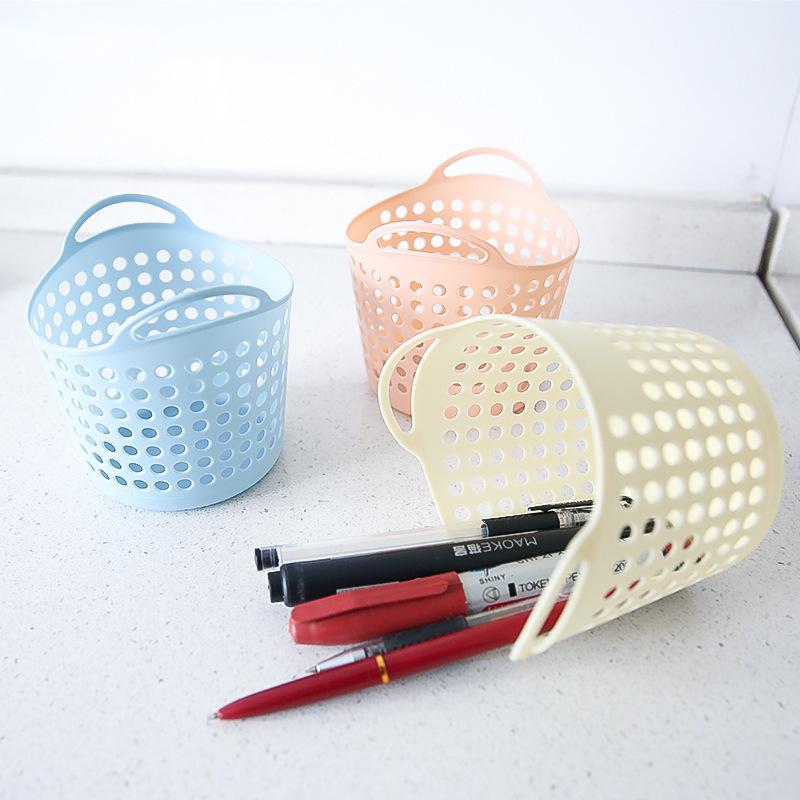 Home Supplies Mini Desktop Storage Small Basket Plastic Storage Basket Sundries Frame Desktop Trash Bin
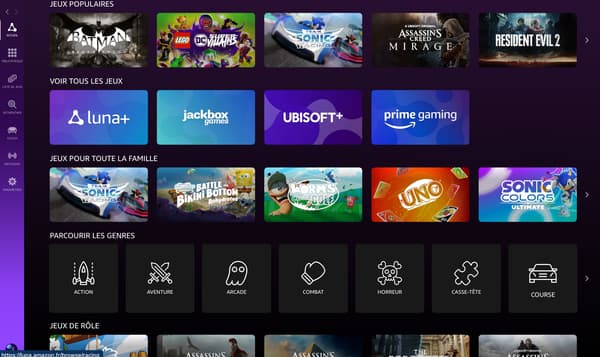 Interface de Luna, le service de jeu en streaming d'Amazon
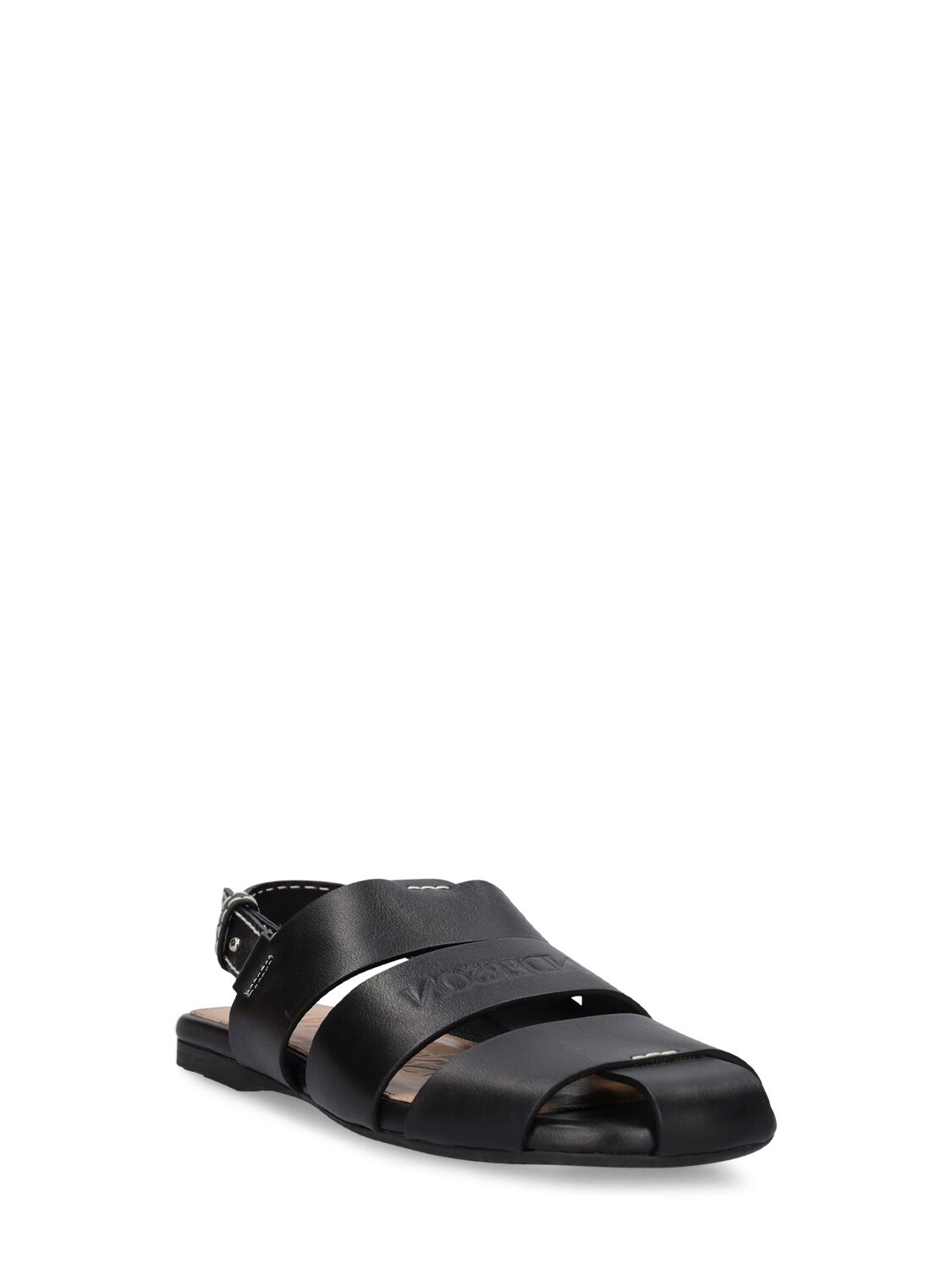 Shop Jw Anderson 10mm Leather Fisherman Flat Sandals In Black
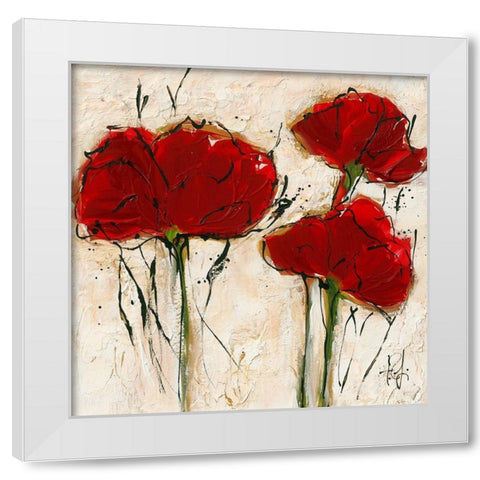 Pavot abstrait I White Modern Wood Framed Art Print by Zacher-Finet, Isabelle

● ● ● ● ●

- _Aim of the exercise_
Nothing but the pictures is to be left out; the rest of the listing should be copied exactly.

- _Answer to the problem_
 Home Supplies Mini Desktop Storage Small Basket Plastic Storage Basket Sundries Frame Desktop Trash Bin
 Interface de Luna, le service de jeu en streaming d'Amazon
 Shop Jw Anderson 10mm Leather Fisherman Flat Sandals In Black
 Pavot abstrait I White Modern Wood Framed Art Print by Zacher-Finet, Isabelle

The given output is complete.